Internet: De la société virtuelle au concret

Une journée d'études ayant pour thème «l'Internet au service de la jeunesse» a été organisée, hier, au centre culturel Ben Badis (ex-UP), par la direction de la Jeunesse et des Sports avec la participation de l'association scientifique Ibtikar.
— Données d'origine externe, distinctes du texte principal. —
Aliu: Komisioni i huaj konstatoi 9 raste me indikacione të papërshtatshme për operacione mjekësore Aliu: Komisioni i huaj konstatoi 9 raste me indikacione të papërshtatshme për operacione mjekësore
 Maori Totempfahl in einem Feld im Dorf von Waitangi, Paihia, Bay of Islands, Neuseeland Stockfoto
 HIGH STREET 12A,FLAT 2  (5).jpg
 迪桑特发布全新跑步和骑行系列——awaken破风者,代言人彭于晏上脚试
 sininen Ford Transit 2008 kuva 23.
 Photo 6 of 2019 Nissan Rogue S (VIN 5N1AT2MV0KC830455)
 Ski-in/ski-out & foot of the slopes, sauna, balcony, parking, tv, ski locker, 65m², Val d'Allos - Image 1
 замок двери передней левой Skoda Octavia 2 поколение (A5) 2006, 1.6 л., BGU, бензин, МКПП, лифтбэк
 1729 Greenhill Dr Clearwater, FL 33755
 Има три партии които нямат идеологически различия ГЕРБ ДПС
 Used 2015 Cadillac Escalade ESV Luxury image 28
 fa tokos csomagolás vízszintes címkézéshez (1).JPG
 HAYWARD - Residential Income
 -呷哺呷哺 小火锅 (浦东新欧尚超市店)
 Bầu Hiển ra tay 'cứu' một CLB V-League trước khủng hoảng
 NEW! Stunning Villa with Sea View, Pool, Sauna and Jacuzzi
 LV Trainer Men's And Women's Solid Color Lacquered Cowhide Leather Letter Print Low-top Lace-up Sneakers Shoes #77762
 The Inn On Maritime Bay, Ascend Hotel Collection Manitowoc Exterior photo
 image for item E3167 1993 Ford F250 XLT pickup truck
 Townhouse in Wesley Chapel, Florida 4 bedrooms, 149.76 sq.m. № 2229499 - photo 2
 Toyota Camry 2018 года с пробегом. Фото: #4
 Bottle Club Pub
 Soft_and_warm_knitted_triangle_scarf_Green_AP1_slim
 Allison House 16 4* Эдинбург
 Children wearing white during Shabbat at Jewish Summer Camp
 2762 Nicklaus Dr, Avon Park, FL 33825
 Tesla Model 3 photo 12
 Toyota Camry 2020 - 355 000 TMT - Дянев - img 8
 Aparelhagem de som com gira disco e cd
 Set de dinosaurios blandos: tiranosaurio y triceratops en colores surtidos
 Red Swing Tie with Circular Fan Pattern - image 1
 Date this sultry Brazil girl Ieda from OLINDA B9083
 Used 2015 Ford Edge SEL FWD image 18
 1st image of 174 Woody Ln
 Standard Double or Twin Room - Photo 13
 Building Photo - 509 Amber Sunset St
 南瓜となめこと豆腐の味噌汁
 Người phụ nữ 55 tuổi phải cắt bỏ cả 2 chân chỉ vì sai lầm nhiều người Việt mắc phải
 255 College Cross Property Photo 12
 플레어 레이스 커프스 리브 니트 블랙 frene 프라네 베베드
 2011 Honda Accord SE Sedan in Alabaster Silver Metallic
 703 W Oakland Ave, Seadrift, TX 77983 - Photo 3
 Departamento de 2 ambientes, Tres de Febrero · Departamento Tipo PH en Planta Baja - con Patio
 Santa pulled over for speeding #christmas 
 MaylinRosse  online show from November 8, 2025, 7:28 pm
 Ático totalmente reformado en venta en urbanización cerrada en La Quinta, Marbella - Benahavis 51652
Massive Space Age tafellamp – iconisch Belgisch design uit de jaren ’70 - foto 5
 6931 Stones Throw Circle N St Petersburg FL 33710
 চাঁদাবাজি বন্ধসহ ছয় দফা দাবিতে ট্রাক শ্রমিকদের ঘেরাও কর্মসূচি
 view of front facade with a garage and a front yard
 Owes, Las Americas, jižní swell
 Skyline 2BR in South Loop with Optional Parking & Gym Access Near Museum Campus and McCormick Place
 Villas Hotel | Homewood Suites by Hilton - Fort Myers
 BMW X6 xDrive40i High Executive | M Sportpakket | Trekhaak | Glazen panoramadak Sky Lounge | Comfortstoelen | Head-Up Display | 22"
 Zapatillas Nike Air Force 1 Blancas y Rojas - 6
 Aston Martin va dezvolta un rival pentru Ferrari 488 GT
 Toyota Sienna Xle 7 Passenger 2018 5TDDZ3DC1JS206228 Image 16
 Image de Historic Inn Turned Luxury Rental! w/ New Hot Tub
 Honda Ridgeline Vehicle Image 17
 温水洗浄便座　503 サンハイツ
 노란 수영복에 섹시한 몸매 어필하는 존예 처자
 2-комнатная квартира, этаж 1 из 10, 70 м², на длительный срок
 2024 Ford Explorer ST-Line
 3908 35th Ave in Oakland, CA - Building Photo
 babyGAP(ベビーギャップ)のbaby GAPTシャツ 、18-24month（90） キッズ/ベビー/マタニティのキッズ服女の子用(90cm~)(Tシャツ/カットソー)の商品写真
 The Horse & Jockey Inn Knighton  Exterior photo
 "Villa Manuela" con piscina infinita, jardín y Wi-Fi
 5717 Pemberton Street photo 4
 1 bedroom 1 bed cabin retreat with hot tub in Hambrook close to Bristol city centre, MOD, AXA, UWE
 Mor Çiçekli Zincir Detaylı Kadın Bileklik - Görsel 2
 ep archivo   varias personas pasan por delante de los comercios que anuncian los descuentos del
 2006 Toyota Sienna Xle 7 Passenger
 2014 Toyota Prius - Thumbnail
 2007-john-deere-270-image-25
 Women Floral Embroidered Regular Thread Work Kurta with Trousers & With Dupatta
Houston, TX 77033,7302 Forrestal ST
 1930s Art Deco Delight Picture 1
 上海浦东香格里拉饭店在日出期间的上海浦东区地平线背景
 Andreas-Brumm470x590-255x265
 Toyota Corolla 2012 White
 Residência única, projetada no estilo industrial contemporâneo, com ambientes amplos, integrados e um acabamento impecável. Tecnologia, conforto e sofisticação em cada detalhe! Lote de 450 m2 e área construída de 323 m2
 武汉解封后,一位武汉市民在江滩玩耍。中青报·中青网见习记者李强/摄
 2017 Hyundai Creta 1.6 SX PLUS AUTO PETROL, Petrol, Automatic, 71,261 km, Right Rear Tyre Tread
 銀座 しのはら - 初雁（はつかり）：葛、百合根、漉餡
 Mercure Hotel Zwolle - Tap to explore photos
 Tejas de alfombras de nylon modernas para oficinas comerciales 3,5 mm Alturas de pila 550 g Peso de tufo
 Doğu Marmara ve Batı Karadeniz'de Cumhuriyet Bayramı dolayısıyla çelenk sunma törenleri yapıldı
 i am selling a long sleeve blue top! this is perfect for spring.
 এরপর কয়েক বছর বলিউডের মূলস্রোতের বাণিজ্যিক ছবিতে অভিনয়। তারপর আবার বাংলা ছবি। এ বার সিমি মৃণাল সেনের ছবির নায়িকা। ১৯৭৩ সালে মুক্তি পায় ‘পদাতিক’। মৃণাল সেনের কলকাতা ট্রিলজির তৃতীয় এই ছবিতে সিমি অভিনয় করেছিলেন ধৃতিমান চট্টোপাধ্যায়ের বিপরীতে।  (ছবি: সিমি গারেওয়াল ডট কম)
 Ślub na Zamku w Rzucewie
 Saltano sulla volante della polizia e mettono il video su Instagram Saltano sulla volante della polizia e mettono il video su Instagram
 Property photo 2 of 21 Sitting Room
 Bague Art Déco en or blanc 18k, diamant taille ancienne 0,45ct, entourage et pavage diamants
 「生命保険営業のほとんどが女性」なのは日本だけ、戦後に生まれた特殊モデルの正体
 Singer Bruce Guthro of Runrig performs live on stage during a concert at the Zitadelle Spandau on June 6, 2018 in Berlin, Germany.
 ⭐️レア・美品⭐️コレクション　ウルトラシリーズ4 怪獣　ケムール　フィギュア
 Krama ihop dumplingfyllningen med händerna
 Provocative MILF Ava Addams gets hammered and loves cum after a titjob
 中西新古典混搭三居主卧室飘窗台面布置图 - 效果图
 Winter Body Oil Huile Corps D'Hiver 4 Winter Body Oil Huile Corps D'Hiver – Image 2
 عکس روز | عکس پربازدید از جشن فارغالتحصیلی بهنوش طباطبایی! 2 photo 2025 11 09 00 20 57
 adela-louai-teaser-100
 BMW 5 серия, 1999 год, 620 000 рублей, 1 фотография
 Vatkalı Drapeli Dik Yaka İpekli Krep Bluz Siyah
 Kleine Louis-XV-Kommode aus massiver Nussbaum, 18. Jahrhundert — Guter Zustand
La journée avait pour but d'étudier les influences de ce mode de communication sur les accros de la Toile et sur la jeunesse en général.

«La wilaya de Constantine, où l'Internet a commencé à être utilisé en 2005, est couverte à 90% par cette technologie moderne et l'accès peut être fourni à tout client, même ceux des multiples douars et hameaux que compte son territoire», selon le responsable d'Algérie Télécom chargé du service commercial, invité pour la circonstance. Ce dernier ajoute que «le nombre de clients que compte la Toile à l'échelle de la wilaya du Vieux Rocher approche des 20.000 internautes et que celui des cybercafés est de 226 pour ce qui concerne uniquement les commerces déclarés» Il fera savoir également que «pour les étudiants et les universitaires disposant d'un ordinateur portable, ils peuvent surfer gratuitement et bénéficier ainsi sans aucune dépense des services de l'Internet. D'ailleurs à propos de prix, il dira que «pour mettre à la portée du plus grand nombre l'accès à Internet, les prix sont subventionnés par l'Etat».

Toujours dans cet ordre de préoccupations, le ministère de l'Education nationale se propose d'injecter plusieurs centaines de milliards de centimes pour une utilisation généralisée de l'outil informatique dans tous les lycées et collèges du pays.

M. Djilmi Boubakar, enseignant de sociologie à l'université de Sétif, a traité du thème de «l'influence de l'Internet sur le comportement de ses utilisateurs et particulièrement des plus accros d'entre eux, avec pour conséquence la création d'une société virtuelle qui pourtant a permis la création d'actes concrets comme des mariages, des créations d'entreprises, des mises sur pied de sociétés, des actions de contestation ou de soutien commun, etc.»

D'ailleurs dit-il, «il faut surtout éviter de prendre position ou de voir les choses selon la vision traditionnelle et classique, selon le critère positif—négatif. La question du contrôle et de la maîtrise de ce qui se communique est cruciale, en ce sens que les pouvoirs publics gagneraient plus à procéder en la matière avec tact, par plutôt un encouragement en moyens humains et matériels», conclut cet enseignant.